When pulling out the ITS barcoding sequences for phylogenetic analysis of PAR3, the MaSuRCA assembly was found to possess 17 complete and 2 partial ITS sequences. Accordingly, 17 complete rRNA genes were found, with 2 partial rRNA genes lacking the 18 S sequence and part of the ITS region. This was not surprising, as it is known that copy number of rRNA/ITS in fungi can range anywhere from approximately 14 − 1,442 within fungal genomes [28]. However, none of the other assemblies produced more than one ITS, which suggests that the structural composition of the MaSuRCA assembly was superior to that of the others. This may be due to the strategy of the MaSuRCA assembler, which creates large “mega-reads” based on the combination of long reads and “super-reads” created from short reads [14].

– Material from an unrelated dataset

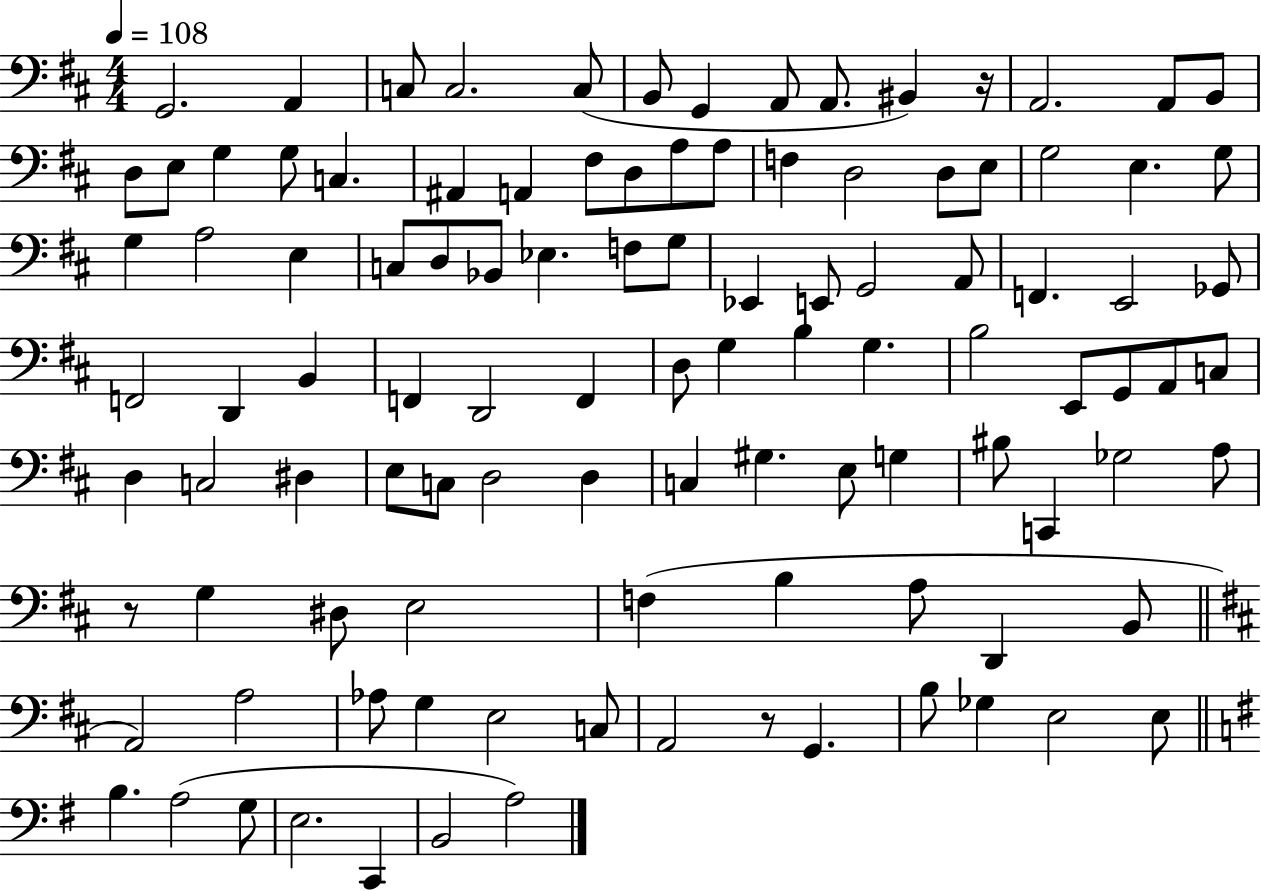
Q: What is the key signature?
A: D major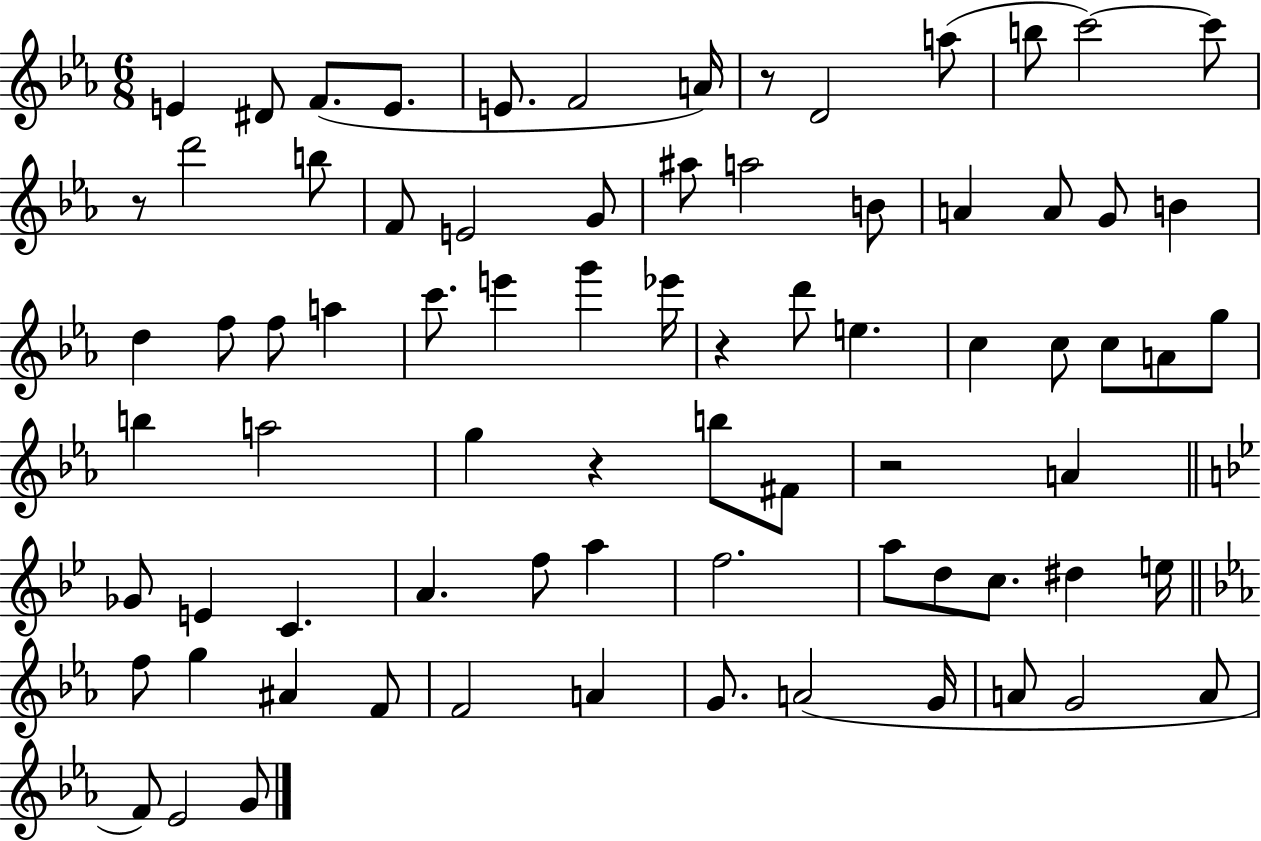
E4/q D#4/e F4/e. E4/e. E4/e. F4/h A4/s R/e D4/h A5/e B5/e C6/h C6/e R/e D6/h B5/e F4/e E4/h G4/e A#5/e A5/h B4/e A4/q A4/e G4/e B4/q D5/q F5/e F5/e A5/q C6/e. E6/q G6/q Eb6/s R/q D6/e E5/q. C5/q C5/e C5/e A4/e G5/e B5/q A5/h G5/q R/q B5/e F#4/e R/h A4/q Gb4/e E4/q C4/q. A4/q. F5/e A5/q F5/h. A5/e D5/e C5/e. D#5/q E5/s F5/e G5/q A#4/q F4/e F4/h A4/q G4/e. A4/h G4/s A4/e G4/h A4/e F4/e Eb4/h G4/e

Phylogenetic analysis of the MaSuRCA PAR3 assembly found that the ITS, rpb2, and tef1 sequences of PAR3 were highly homologous to those of identified strains of T. harzianum (Fig. 2). Cai and Druzhinina [19] outlined distinct criteria for identification of Trichoderma spp., which is especially difficult given the close identity of Trichoderma belonging to the Harzianum clade [18]. As per Cai and Druzhinina [19], more than 76% identity of an isolate’s ITS sequence to other Trichoderma spp. is required to confirm it belongs to the Trichoderma genus, and more than 99% and 97% identity of rpb2 and tef1 sequences, respectively, is required to identify an isolate at the species level. All three sequences extracted from PAR3 were more than 99% identical to those of known strains of T. harzianum, satisfying the requirements to confirm PAR3 as Trichoderma harzianum.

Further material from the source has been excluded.